All writing

Every Abstraction Is a Debt You Haven't Been Billed For Yet

Every abstraction is borrowed complexity: a quiet debt that comes due at 3am, in the layer you chose never to learn. On staying ahead of the bill.

The framework is wonderful right up until it isn’t, and the bill always arrives during the incident.

At 3:14 in the morning the phone goes off, and the thing that’s broken is the one thing you were promised you’d never have to think about. Anyone who runs production systems knows this flavor on contact. The framework you adopted three years ago because it handled all the tedious plumbing, the one whose entire selling point was that you could ignore the layer beneath it, has failed somewhere down in that layer, and now you’re sitting in the dark reconstructing a mental model of machinery you deliberately chose never to learn. The abstraction was supposed to save you from exactly this moment. Instead it saved up everything it hid, with interest, and it’s handing you the invoice now, at the worst possible hour, in a part of the stack you have no map for.

I opened this series with a post about how every button hides a world, and how the power you get at a clean surface is always paid for in distance from the substrate underneath. This is the post about that bill. The distance isn’t free; it’s borrowed, and engineers already carry the right word for what you’re holding.

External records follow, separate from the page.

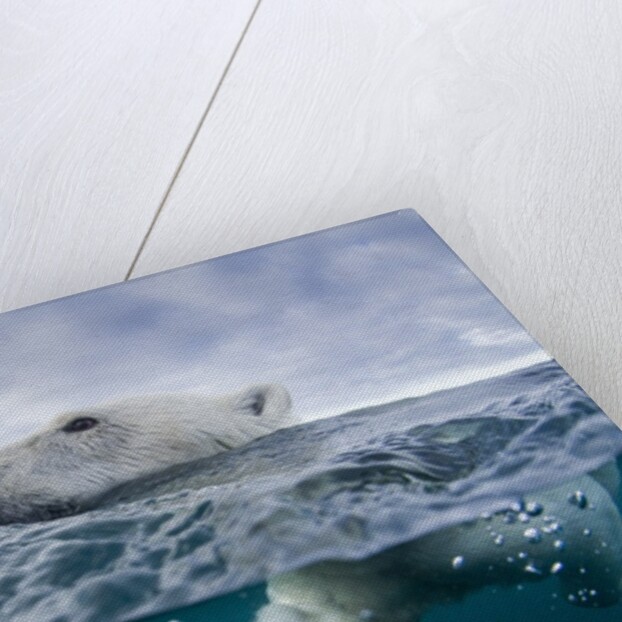 Underwater Polar Bear by Harbour Islands, Nunavut, Canada by Anonymous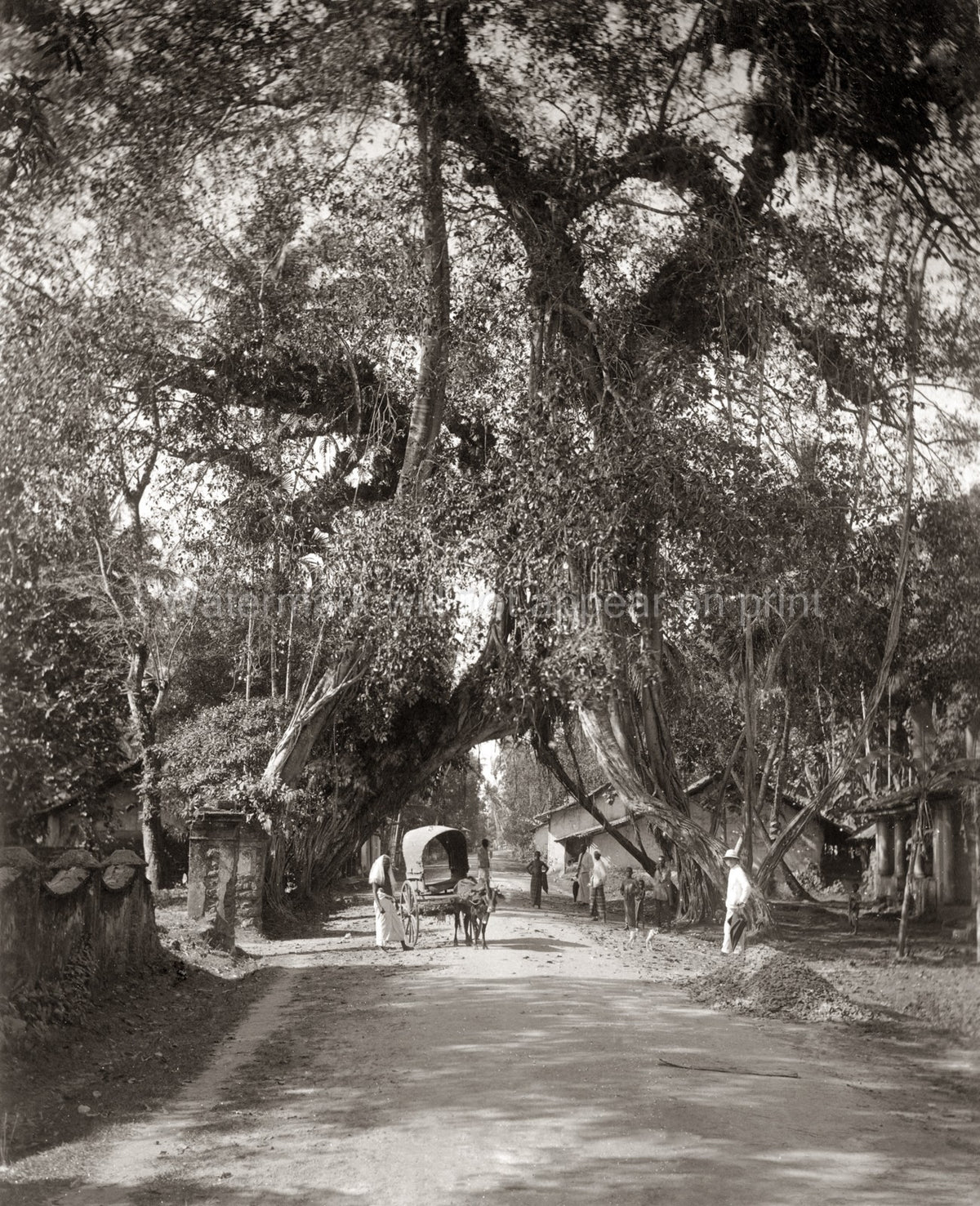 Ceylon Sri Lanka Country Road Bullock Cart Banyan Trees Vtg. Photo 19thC.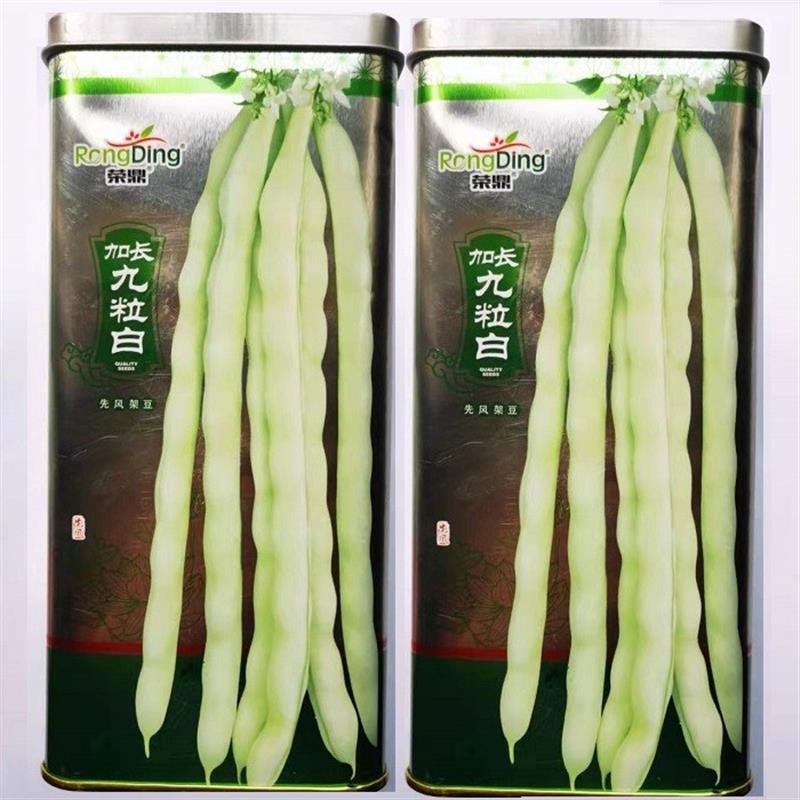加长九粒白芸豆种子豆角芸豆架豆四季豆春季蔬莱四季蔬菜种籽孑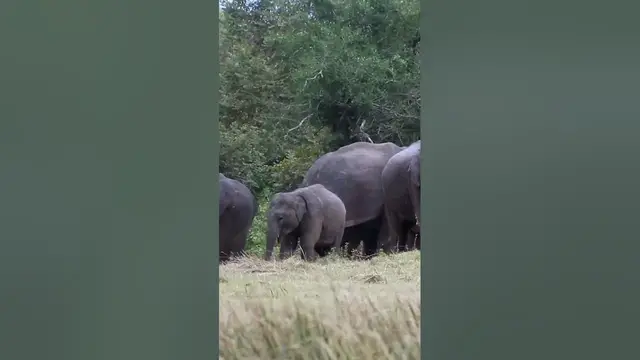 Video thumbnail for Elephant Baby #shorts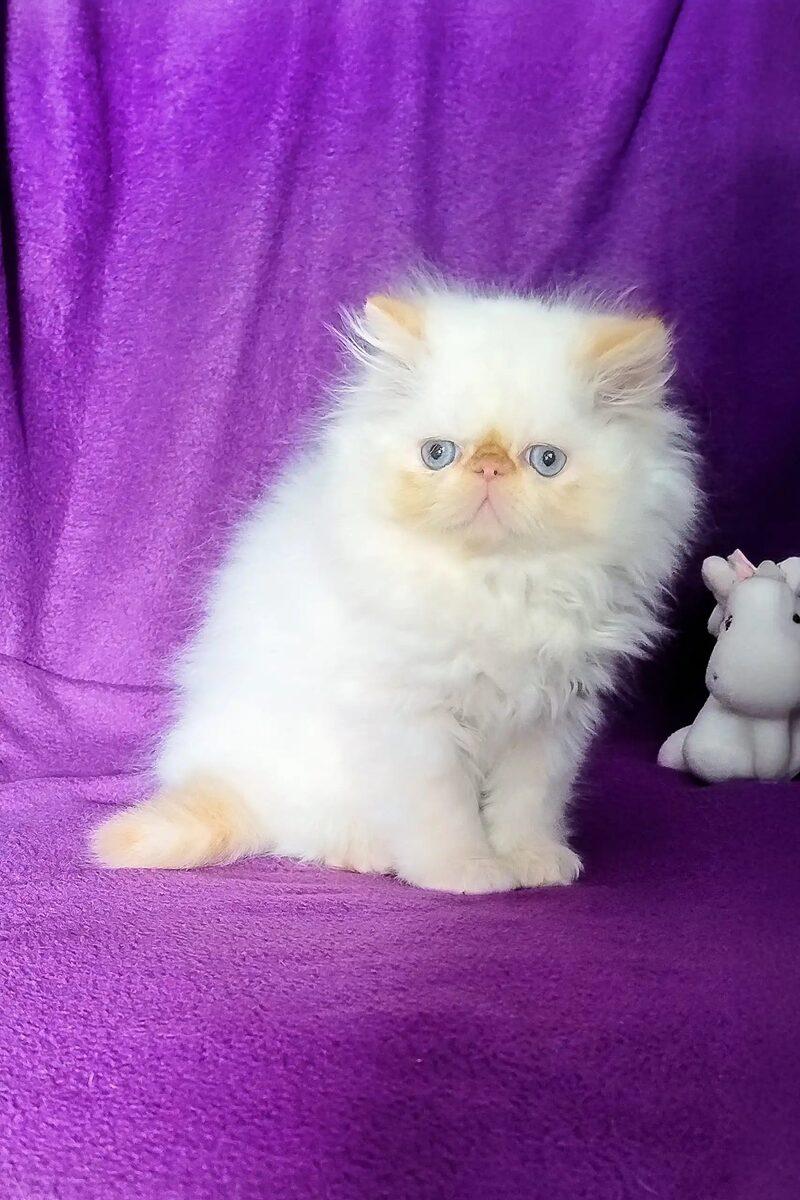 Zara, a Persian kitten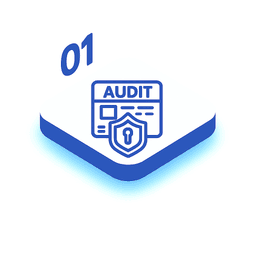 Cyberaudit Scan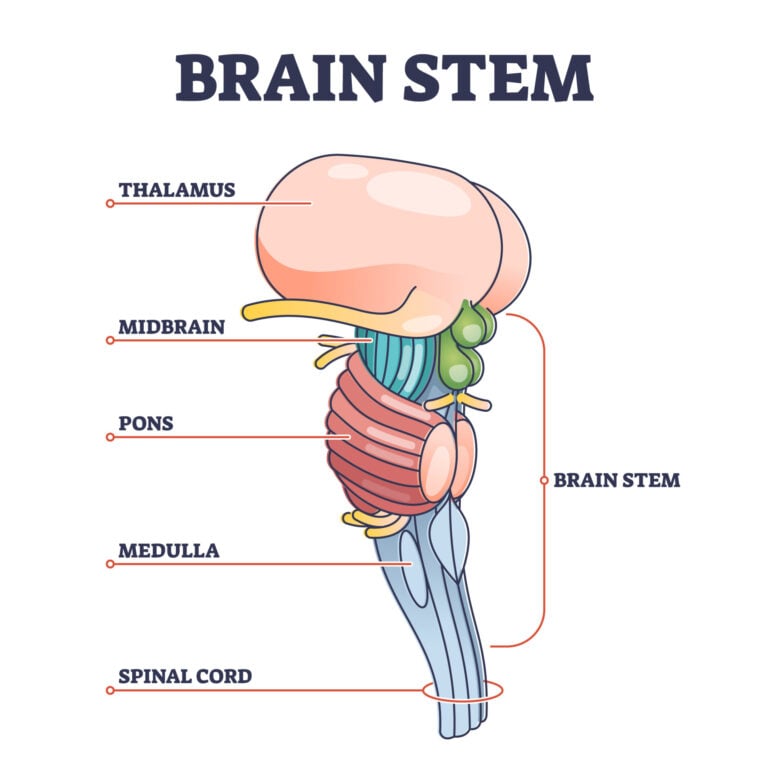 Parts of the Brain: Neuroanatomy, Structure & Functions in Neuroscience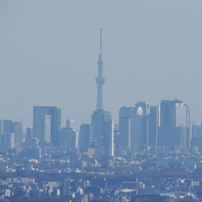 高尾山　初詣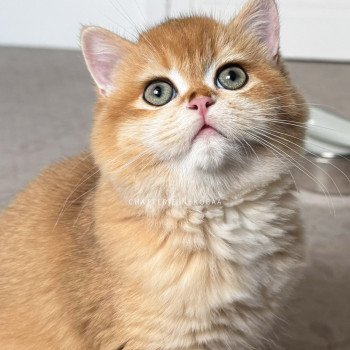 chat British Shorthair black golden shell Willow Chatterie Nekobaa chat British Shorthair black golden shell Willow Chatterie Nekobaa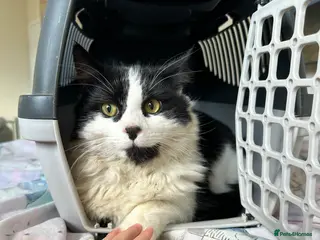 Mixed Breed cats 11 month male - Advert 1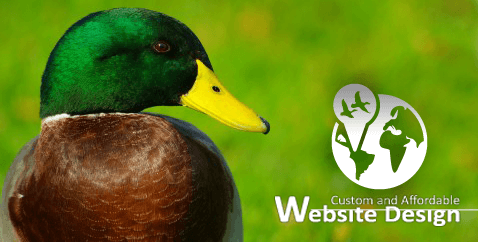 WordPress Design
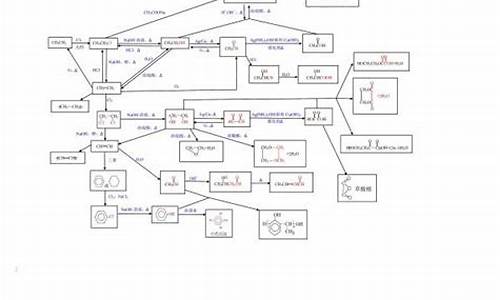高考有机流程_高考有机反应条件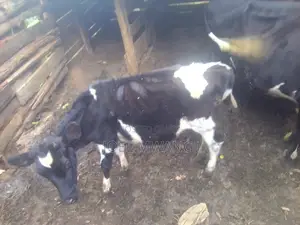 Ng'ombe Mwenye Umri wa Mwaka Mmoja na Miezi Minne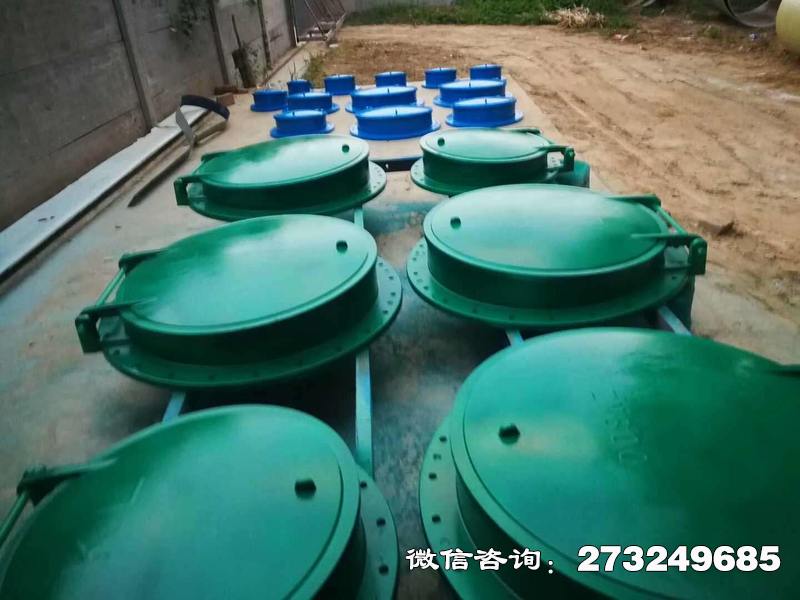 来宾市政管道口玻璃钢拍门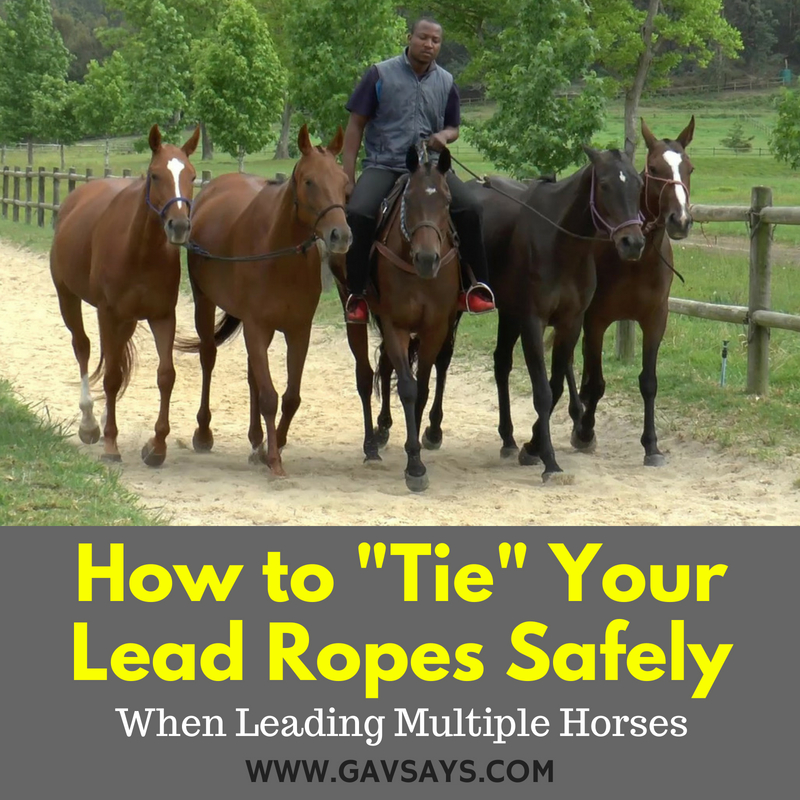 Learn the Correct Tying of Lead Ropes When Exercising Multiple Horses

Abstraction is the best deal in engineering, and like most great deals it’s a form of borrowing. It takes some snarl of complexity and wraps it in a clean interface, so you can act through it without hauling around the weight of what’s beneath. That’s not a trick or a compromise; it’s the foundation of the whole discipline. Dijkstra said it best in his 1972 Turing lecture: the point of abstracting isn’t to be vague, it’s to create a new level where you can be absolutely precise. Nobody writes a web service by reasoning about voltages. The filesystem lets you say “open this file” without thinking about platters, sectors, wear-leveling, or the controller firmware cheerfully lying to you about all three.1 Virtual memory goes a step further and hands every process its own private, near-limitless address space, paging the real bytes in and out behind your back so you can pretend the machine has more memory than it does and that nobody else is touching it. We stand on those layers, each one absorbing the mess of the one below, and that standing is what lets us build anything large at all. The borrowing isn’t the problem. It’s the entire point.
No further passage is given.